Below, some lines carry pictures; leave those pictures out and retype exactly the lines from the one with "Photo 1 from" through the one with "1980s Champion Tee".

EXERCISE MATERIALS below:

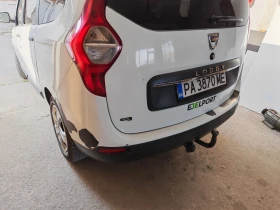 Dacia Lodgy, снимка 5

End of EXERCISE MATERIALS.
EXERCISE MATERIALS below:

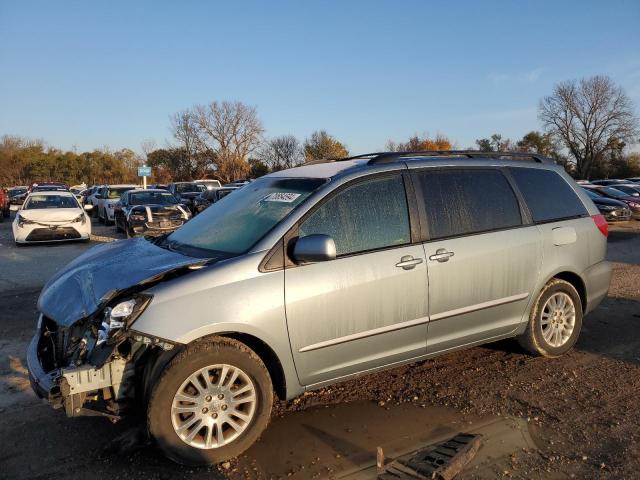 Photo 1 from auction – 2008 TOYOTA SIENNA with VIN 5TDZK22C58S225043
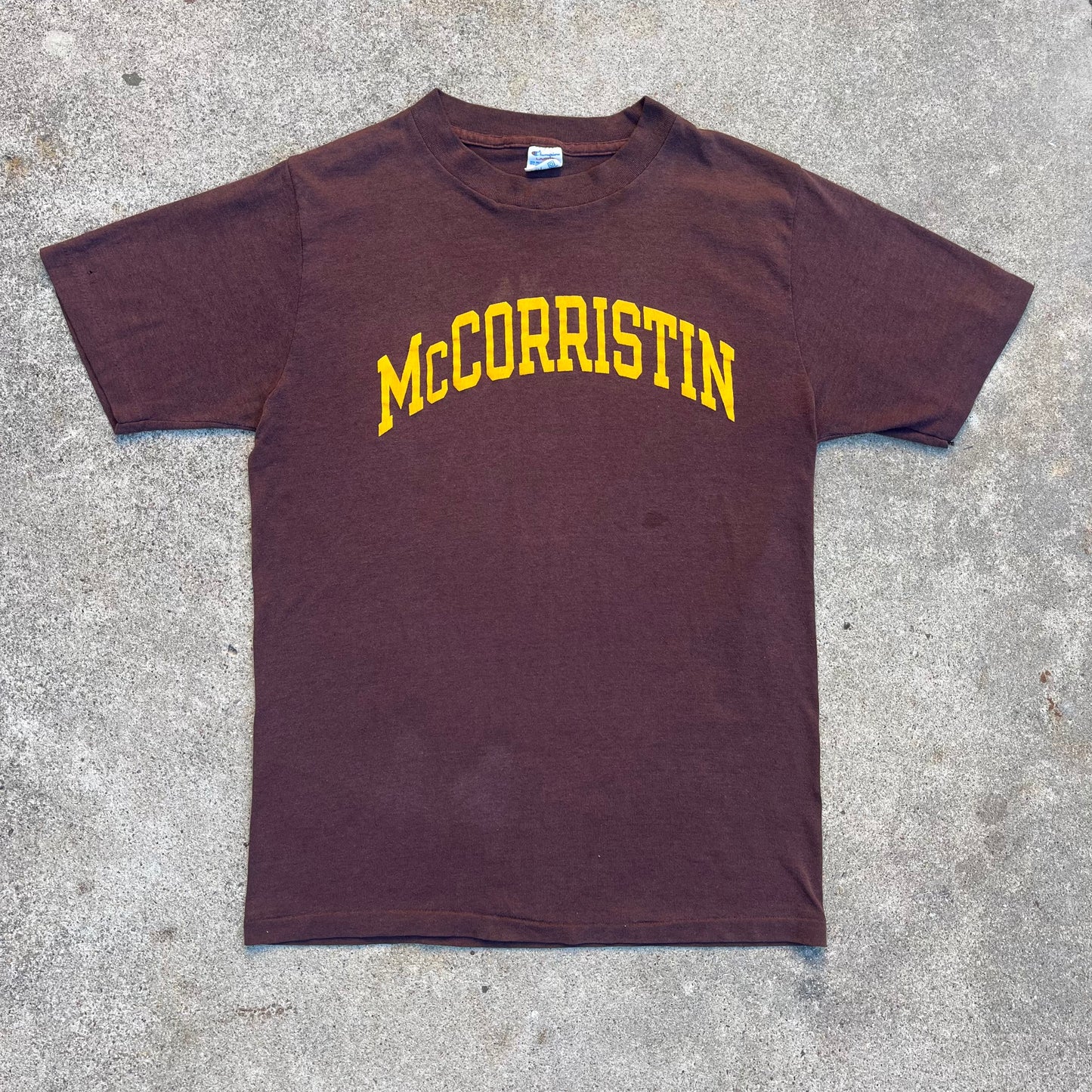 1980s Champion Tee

End of EXERCISE MATERIALS.

## OUTPUT FOR THIS EXERCISE
 Photo 1 from auction – 2008 TOYOTA SIENNA with VIN 5TDZK22C58S225043
 1980s Champion Tee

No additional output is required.